Short descriptive text snippets

+===+

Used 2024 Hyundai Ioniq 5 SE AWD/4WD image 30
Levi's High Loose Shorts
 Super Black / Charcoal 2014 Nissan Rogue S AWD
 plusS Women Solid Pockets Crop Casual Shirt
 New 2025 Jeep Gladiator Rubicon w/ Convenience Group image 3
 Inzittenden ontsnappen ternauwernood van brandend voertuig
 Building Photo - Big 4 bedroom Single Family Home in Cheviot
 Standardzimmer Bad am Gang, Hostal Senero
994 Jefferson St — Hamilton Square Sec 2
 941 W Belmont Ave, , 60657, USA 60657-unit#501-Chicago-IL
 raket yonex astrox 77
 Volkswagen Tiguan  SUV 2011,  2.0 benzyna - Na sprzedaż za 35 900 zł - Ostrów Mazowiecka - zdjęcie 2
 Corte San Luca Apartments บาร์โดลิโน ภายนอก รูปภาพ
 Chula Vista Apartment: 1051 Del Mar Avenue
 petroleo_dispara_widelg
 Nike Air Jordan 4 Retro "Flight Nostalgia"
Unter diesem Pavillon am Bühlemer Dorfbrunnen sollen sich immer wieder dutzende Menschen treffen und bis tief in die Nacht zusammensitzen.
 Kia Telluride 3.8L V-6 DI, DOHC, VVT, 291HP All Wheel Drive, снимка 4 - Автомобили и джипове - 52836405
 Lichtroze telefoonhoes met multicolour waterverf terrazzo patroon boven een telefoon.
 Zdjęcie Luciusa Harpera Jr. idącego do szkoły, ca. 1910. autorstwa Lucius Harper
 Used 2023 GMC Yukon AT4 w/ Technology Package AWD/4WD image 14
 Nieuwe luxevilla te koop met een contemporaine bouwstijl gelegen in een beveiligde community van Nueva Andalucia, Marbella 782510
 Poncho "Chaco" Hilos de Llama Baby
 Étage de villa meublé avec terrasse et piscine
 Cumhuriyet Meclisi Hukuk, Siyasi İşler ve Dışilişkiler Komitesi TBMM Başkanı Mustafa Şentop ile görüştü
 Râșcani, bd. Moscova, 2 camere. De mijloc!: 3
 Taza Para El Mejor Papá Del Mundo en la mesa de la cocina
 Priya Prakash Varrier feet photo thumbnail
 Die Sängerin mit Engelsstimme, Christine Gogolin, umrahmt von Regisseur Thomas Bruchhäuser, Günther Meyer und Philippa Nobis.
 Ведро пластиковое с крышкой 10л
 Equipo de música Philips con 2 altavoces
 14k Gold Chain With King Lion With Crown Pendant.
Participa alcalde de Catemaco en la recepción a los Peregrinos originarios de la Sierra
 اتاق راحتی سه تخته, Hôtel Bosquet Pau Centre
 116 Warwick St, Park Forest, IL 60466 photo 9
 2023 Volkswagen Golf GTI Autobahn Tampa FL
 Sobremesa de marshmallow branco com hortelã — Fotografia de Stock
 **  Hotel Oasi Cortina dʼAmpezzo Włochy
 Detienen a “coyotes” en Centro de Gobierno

+===+

*What you will do*
Each line above that includes the word "Volkswagen" is to be copied.

*Expected output*
 Volkswagen Tiguan  SUV 2011,  2.0 benzyna - Na sprzedaż za 35 900 zł - Ostrów Mazowiecka - zdjęcie 2
 2023 Volkswagen Golf GTI Autobahn Tampa FL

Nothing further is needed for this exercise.